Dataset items
'''
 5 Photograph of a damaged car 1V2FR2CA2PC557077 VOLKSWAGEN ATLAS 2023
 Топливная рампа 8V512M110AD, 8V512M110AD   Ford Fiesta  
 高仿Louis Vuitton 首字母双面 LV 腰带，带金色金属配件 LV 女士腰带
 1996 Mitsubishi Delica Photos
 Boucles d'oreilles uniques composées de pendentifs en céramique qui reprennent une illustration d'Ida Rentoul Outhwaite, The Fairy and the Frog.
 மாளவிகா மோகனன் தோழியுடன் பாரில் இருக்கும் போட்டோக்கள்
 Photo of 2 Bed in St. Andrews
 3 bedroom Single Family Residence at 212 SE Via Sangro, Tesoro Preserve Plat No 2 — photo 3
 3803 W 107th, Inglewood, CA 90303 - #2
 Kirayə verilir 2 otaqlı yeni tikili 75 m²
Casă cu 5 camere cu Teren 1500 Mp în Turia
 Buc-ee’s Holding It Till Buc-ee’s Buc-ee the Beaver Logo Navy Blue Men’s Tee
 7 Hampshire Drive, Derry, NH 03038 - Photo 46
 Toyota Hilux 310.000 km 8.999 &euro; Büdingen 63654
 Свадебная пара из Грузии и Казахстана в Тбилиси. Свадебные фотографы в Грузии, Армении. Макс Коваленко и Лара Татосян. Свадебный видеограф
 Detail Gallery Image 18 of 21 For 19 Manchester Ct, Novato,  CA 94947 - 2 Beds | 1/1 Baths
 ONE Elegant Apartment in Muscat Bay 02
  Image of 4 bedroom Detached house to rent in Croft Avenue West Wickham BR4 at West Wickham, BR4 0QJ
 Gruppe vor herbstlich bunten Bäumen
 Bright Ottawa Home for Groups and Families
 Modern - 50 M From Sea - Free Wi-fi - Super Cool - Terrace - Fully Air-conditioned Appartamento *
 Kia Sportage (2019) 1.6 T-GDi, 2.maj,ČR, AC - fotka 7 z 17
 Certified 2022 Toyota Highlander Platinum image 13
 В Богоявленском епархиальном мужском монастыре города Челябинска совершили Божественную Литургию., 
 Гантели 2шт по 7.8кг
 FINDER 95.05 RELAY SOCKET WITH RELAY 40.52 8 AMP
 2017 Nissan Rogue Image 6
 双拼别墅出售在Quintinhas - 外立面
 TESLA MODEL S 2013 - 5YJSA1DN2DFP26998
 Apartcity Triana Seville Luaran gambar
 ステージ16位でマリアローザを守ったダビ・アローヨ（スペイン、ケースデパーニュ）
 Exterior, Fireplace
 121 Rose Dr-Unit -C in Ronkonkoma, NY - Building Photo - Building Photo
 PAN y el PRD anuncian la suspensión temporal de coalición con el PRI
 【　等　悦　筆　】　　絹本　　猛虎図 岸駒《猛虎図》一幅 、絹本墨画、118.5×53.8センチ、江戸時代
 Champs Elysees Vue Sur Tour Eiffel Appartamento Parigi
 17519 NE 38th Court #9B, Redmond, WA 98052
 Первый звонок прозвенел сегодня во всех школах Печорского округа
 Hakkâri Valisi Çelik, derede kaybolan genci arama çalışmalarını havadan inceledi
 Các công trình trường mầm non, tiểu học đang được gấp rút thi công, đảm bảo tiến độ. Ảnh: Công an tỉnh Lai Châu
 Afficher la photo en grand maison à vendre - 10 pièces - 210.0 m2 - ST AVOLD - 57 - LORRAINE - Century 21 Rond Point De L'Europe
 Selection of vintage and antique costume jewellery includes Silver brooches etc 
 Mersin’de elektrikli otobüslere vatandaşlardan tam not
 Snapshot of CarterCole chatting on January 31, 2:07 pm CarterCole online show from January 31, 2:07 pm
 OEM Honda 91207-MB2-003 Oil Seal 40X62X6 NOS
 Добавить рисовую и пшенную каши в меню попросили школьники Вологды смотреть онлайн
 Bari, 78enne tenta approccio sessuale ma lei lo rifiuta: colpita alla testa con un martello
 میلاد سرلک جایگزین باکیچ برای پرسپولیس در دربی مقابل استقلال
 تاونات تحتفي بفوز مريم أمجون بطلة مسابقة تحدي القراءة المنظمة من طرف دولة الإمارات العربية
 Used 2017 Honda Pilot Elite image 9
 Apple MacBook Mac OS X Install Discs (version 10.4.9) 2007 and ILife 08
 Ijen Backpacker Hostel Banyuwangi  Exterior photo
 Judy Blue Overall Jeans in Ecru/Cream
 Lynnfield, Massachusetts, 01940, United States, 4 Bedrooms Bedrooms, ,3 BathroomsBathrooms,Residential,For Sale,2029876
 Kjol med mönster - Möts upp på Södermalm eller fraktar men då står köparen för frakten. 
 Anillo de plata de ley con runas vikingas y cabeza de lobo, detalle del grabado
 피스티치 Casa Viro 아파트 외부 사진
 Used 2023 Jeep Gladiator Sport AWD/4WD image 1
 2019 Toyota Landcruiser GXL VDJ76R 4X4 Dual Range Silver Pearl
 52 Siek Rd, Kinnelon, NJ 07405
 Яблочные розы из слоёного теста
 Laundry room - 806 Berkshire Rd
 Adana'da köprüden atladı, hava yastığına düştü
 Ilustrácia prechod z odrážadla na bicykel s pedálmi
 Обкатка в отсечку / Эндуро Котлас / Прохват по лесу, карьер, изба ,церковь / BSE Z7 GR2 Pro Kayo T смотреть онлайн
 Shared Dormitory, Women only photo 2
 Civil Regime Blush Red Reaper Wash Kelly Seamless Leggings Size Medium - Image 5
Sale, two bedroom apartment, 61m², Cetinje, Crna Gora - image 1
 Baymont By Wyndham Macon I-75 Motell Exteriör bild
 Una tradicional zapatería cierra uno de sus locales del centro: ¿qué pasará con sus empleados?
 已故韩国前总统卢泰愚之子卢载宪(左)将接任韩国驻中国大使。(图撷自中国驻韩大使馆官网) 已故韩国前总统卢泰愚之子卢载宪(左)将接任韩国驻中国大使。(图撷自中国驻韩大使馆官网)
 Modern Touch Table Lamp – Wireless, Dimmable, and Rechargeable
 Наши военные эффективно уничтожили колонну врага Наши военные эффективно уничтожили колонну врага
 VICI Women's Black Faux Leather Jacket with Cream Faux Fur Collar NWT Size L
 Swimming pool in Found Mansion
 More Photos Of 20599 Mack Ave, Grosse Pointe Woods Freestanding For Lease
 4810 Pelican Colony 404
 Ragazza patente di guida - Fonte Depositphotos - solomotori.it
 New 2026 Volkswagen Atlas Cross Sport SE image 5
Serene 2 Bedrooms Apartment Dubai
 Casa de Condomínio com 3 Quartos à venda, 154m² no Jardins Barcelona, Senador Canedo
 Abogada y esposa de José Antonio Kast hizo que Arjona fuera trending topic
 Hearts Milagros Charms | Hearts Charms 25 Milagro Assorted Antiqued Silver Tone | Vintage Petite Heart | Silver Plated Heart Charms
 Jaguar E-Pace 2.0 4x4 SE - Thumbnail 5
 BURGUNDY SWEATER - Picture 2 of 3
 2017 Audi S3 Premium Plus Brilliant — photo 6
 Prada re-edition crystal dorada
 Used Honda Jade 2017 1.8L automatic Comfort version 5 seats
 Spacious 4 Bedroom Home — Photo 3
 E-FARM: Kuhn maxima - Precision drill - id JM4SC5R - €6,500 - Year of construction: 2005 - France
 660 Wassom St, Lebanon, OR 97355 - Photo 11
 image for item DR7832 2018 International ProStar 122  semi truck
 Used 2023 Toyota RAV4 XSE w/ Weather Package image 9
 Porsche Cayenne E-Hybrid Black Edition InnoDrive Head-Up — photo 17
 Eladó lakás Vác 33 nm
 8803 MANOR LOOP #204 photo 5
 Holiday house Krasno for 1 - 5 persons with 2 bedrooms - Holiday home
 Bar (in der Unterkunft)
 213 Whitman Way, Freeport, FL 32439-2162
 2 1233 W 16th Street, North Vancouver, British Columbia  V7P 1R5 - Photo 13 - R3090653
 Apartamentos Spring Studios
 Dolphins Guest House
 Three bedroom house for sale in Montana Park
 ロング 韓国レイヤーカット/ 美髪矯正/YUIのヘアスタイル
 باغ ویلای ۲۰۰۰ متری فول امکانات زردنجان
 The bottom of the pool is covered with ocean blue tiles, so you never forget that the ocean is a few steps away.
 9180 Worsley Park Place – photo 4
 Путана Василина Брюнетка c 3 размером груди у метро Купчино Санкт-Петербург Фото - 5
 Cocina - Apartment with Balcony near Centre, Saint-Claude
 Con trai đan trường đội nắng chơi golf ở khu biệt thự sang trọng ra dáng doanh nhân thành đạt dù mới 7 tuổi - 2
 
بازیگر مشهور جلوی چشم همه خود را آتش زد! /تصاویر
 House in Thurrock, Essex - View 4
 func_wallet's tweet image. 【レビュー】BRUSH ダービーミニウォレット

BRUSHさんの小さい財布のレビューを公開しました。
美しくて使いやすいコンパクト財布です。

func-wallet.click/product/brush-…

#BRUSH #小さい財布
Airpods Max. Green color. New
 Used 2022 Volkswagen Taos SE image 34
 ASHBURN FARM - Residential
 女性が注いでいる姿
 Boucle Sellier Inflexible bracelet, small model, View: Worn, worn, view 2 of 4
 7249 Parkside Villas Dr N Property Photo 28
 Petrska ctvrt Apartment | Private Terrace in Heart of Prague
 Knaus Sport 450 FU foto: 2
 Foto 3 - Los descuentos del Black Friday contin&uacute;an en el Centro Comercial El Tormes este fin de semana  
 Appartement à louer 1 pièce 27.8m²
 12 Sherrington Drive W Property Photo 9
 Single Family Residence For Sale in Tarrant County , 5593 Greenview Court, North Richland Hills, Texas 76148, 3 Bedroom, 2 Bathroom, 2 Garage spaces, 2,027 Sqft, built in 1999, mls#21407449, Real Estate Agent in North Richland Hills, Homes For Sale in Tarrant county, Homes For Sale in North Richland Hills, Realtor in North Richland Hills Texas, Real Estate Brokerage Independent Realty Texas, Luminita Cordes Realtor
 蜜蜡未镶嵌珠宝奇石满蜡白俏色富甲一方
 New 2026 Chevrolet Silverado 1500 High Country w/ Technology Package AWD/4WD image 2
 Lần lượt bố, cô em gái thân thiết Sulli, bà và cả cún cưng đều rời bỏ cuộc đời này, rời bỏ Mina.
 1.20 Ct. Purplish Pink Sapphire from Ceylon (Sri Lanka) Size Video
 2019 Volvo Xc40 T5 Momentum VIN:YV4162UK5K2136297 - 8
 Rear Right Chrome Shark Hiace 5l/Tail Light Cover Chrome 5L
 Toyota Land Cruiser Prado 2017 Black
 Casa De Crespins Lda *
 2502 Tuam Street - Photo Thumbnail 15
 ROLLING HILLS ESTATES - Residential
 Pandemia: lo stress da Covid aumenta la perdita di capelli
'''
_YOUR INSTRUCTIONS_:
Exactly the lines above from the one with "1996 Mitsubishi Delica Photos" to the one with "Bright Ottawa Home for Groups and Families", both included, are to be quoted; leave the rest out.

_RESPONSE_:
 1996 Mitsubishi Delica Photos
 Boucles d'oreilles uniques composées de pendentifs en céramique qui reprennent une illustration d'Ida Rentoul Outhwaite, The Fairy and the Frog.
 மாளவிகா மோகனன் தோழியுடன் பாரில் இருக்கும் போட்டோக்கள்
 Photo of 2 Bed in St. Andrews
 3 bedroom Single Family Residence at 212 SE Via Sangro, Tesoro Preserve Plat No 2 — photo 3
 3803 W 107th, Inglewood, CA 90303 - #2
 Kirayə verilir 2 otaqlı yeni tikili 75 m²
Casă cu 5 camere cu Teren 1500 Mp în Turia
 Buc-ee’s Holding It Till Buc-ee’s Buc-ee the Beaver Logo Navy Blue Men’s Tee
 7 Hampshire Drive, Derry, NH 03038 - Photo 46
 Toyota Hilux 310.000 km 8.999 &euro; Büdingen 63654
 Свадебная пара из Грузии и Казахстана в Тбилиси. Свадебные фотографы в Грузии, Армении. Макс Коваленко и Лара Татосян. Свадебный видеограф
 Detail Gallery Image 18 of 21 For 19 Manchester Ct, Novato,  CA 94947 - 2 Beds | 1/1 Baths
 ONE Elegant Apartment in Muscat Bay 02
  Image of 4 bedroom Detached house to rent in Croft Avenue West Wickham BR4 at West Wickham, BR4 0QJ
 Gruppe vor herbstlich bunten Bäumen
 Bright Ottawa Home for Groups and Families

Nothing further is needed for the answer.